Abstracts of the QSIT Lunch Seminar, Thursday, October 1, 2020

Genuine high-dimensional quantum steering

Sébastien Designolle - Quantum Theory Group (Brunner group), University of Geneva

High-dimensional quantum entanglement can give rise to stronger forms of nonlocal correlations compared to qubit systems. Beyond being of fundamental interest, this offers significant advantages for quantum information processing. The problem of certifying these stronger correlations, however, remains an important challenge, in particular in an experimental setting. Here we theoretically formalise and experimentally demonstrate a notion of genuine high-dimensional quantum nonlocal steering. We show that high-dimensional entanglement combined with judiciously chosen local measurements can lead to a stronger form of steering, provably impossible to obtain via entanglement in lower dimensions. Exploiting the connection between steering and incompatibility of quantum measurements, we derive simple two-setting steering inequalities for certifying the presence of genuine high-dimensional steering. We report the experimental violation of these inequalities using macro-pixel photon-pair entanglement certifying genuine high-dimensional steering in dimensions up to d=15. Our work paves the way for the characterisation and certification of quantum nonlocal correlations in high-dimensional systems.

Light-mediated strong coupling between a mechanical oscillator and atomic spins 1 m apart

Thomas Karg - Quantum Optics Lab (Treutlein group), University of Basel

Strong coupling between quantum systems is an essential ingredient for quantum technology. Typically, it relies on short-range forces or on placing the systems in high-quality electromagnetic resonators. To break the restriction to short distances, we developed a light-mediated coupling scheme that enables long-distance Hamiltonian coupling [1,2].

Our experimental setup consists of a spin-polarized atomic ensemble and a micromechanical membrane oscillator held in independent vacuum systems 1 meter apart. To mediate a bidirectional interaction between the spin and the membrane, we use a free-space laser beam which connects them in a loop geometry. This coherent feedback loop will also allow destructive interference of quantum noise. In this setup, we realize strong Hamiltonian coupling and demonstrate the versatility of light-mediated interactions [3]: With the spin initialized in its ground state we observe normal-mode splitting and coherent energy-exchange oscillations, both hallmarks of strong coupling. Upon inversion of the spin to its highest energy state we observe parametric-gain interactions, resulting in two-mode thermal noise squeezing. Furthermore, by shifting the phase of the coupling beam between the systems we could switch to non-Hamiltonian coupled dynamics, which were marked by the observation of level attraction involving an exceptional point.
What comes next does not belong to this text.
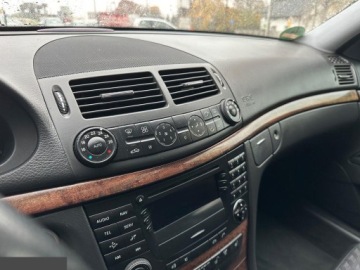 Mercedes Klasa E W211 Kombi S211 1.8 (200 Kompressor) 163KM 2004 Mercedes Klasa E 200 Kompressor Automatik Classic1.8 benz 163KM 2004r, zdjęcie 22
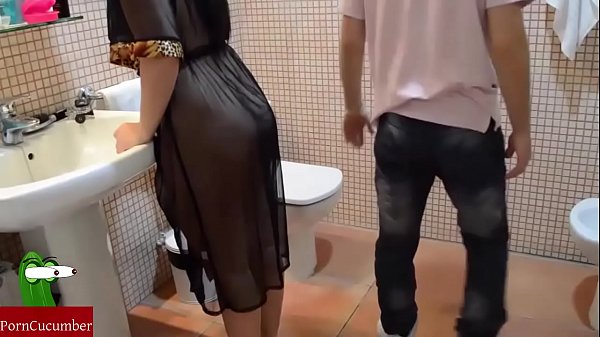 Bath-Sucking-Pussy.RAF022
Our approach to engineering coherent long-distance interactions with light makes it possible to couple physically different systems in a reconfigurable way and opens up a range of new opportunities for quantum control and quantum networks.

References:
[1] A. F. Kockum, G. Johansson, F. Nori, Phys. Rev. Lett. 120, 140404 (2018).
[2] T. M. Karg, B. Gouraud, P. Treutlein, K. Hammerer, Phys. Rev. A 99, 063829 (2019)
[3] T. M. Karg, B. Gouraud, C. T. Ngai, G.-L. Schmid, K. Hammerer, and P. Treutlein, Science 369, 174 (2020).